The cache is useful for storing session keys or connection objects for backends that access a network service.

Each Puppet::LookupContext cache lasts for the duration of the current catalog compilation. A node can’t access values cached for a previous node.

Hiera creates a separate cache for each combination of inputs for a function call, including inputs like name that are configured in hiera.yaml but not passed to the function. Each hierarchy level has its own cache, and hierarchy levels that use multiple paths have a separate cache for each path.

If any inputs to a function change, for example, a path interpolates a local variable whose value changes between lookups, Hiera uses a fresh cache.

cache_all(hash)

Caches all the key-value pairs from a given hash. Returns undef (in Puppet) or nil (in Ruby).

cached_value(key)

Returns a previously cached value from the per-data-source private cache. Returns undef or nil if no value with this name has been cached.

cache_has_key(key)

Checks whether the cache has a value for a given key yet. Returns true or false.

cached_entries()

Returns everything in the per-data-source cache as an iterable object. The returned object is not a hash. If you want a hash, use Hash($context.all_cached()) in the Puppet language or Hash[context.all_cached()] in Ruby.

cached_file_data(path)

Puppet syntax:

cached_file_data(path) |content| { ... }

Ruby syntax:

cached_file_data(path) {|content| ...}

For best performance, use this method to read files in Hiera backends.

cached_file_data(path) {|content| ...} returns the content of the specified file as a string. If an optional block is provided, it passes the content to the block and returns the block’s return value. For example, the built-in JSON backend uses a block to parse JSON and return a hash:
context.cached_file_data(path) do |content|
      begin
        JSON.parse(content)
      rescue JSON::ParserError => ex
        # Filename not included in message, so we add it here.
        raise Puppet::DataBinding::LookupError, "Unable to parse (#{path}): #{ex.message}"
      end
    end

On repeated access to a given file, Hiera checks whether the file has changed on disk.
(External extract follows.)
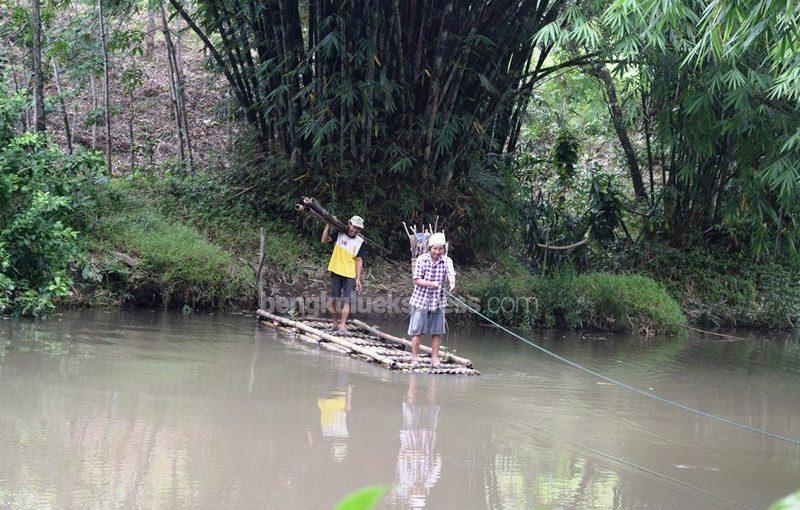 Warga Butuh Jembatan Gantung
If it hasn’t, Hiera uses cached data instead of reading and parsing the file again.

This method does not use the same per-data-source caches as cache(key, value) and similar methods. It uses a separate cache that lasts across multiple catalog compilations, and is tied to Puppet Server’s environment cache.

Because the cache can outlive a given node’s catalog compilation, do not do any node-specific pre-processing (like calling context.interpolate) in this method’s block.

explain() { ‘message’ }

Puppet syntax:

explain() || { 'message' }

Ruby syntax:

explain() { 'message' }

In both Puppet and Ruby, the provided block must take zero arguments.

explain() { 'message' } adds a message, which appears in debug messages or when using puppet lookup --explain. The block provided to this function must return a string.

The explain method is useful for complex lookups where a function tries several different things before arriving at the value. The built-in backends do not use the explain method, and they still have relatively verbose explanations. This method is for when you need to provide even more detail.

Hiera never executes the explain block unless explain is enabled.